Mirabilia

Publicado el Camilo Hoyos Gómez

Regina vs. Oscar Wilde

Hace algunas semanas se cumplieron ciento catorce años de la muerte de Oscar Wilde. Al volver sobre su muerte es impensable no detenerse en sus juicios y posterior condena, que precipitaron la salud física y moral  del irlandés.

Wilde murió en París en bancarrota y pobreza absoluta apenas tres años después de haber cumplido su condena de trabajos forzados en la cárcel de Reading por los delitos de sodomía e inmoralidad. Esta condena supuso un doble revés en su vida. Tres semanas antes del comienzo del juicio él mismo había estado en el estrado de los acusadores, defendiendo su honor de las acusaciones de Lord Queensberry quien, en una tarjeta que le había dejado con el portero del club Albermale, había escrito “Oscar Wilde, ostentoso somdomita [sic]”* Fue tal la defensa presentada por Edward Carson, abogado de Lord Queensberry, que se logró establecer no solamente que la acusación de Lord Queensberry era verdadera (es decir, que Wilde alardeaba o se comportaba como un sodomita), sino que le dio suficientes motivos al gobierno inglés para, tres semanas después, acusarlo formalmente de sodomía e inmoralidad.

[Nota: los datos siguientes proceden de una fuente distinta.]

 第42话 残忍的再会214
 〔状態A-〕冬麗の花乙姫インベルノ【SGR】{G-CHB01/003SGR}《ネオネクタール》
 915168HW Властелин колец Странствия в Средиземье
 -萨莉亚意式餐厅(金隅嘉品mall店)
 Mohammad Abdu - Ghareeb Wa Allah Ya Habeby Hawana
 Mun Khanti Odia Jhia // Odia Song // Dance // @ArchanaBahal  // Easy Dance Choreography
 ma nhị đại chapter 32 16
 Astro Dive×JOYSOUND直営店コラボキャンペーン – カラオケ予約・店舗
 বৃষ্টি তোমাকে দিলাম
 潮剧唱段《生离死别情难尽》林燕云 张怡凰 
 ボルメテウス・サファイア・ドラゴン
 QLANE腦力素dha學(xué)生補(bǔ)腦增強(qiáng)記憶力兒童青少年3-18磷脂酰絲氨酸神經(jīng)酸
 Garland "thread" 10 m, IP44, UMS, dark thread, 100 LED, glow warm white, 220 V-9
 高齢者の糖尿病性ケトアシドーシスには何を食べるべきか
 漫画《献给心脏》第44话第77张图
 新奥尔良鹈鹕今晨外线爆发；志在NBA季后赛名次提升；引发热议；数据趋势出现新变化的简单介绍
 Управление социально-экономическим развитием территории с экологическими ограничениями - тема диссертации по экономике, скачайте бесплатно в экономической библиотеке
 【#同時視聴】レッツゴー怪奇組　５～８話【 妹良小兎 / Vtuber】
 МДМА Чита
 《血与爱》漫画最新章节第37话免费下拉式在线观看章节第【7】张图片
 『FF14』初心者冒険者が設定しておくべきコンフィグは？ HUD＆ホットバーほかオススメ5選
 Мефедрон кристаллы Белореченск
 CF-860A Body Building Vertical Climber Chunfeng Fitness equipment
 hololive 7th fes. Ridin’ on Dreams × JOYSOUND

Las cosas fueron más o menos así: Wilde había conocido al hijo del Marqués de Queensberry, Lord Alfred Douglas, a quien llamaban Bosie, hacia mayo de 1892. Para Wilde, quien era entonces conocido como “el apóstol de lo Bello”, este encuentro resultó fundamental no solo para sus propias convicciones estéticas, sino para sus propias derivaciones artísticas (no se puede componer nada bello si no hay una fuente de amor que lo sostenga). Lord Quensberry, atendiendo a los rumores de que Wilde y Bosie habían sido expulsados del hotel Savoy por conducta “repugnante” (léase sodomítica), tomó el papel del padre que debía hacer hasta lo imposible por alejar a su hijo de estas perversas influencias. La acusación de “alardear de sodomita” le resultó perfecta: obligó a Wilde durante el juicio a no solamente defender su postura estética (que él mismo no diferenciaba de su vida social y cívica) sino a su propio abogado, Edward Carson, a esculcar en el pasado promiscuo del dramaturgo. El alegato de la defensa fue fulminante: no solamente se acusaba a Wilde de haber creado personajes sodomíticos (Lord Henry Wotton, Basil Hallward y Dorian Gray) sino  también de haber mantenido relaciones homosexuales con más de diez hombres. El resultado fue que Carson convenció al jurado de que Wilde había sido el Lord Henry que había seducido a Bosie, una versión real de Dorian Gray. ¿Qué jurado no hubiera exculpado a un padre que estaba al tanto de esto?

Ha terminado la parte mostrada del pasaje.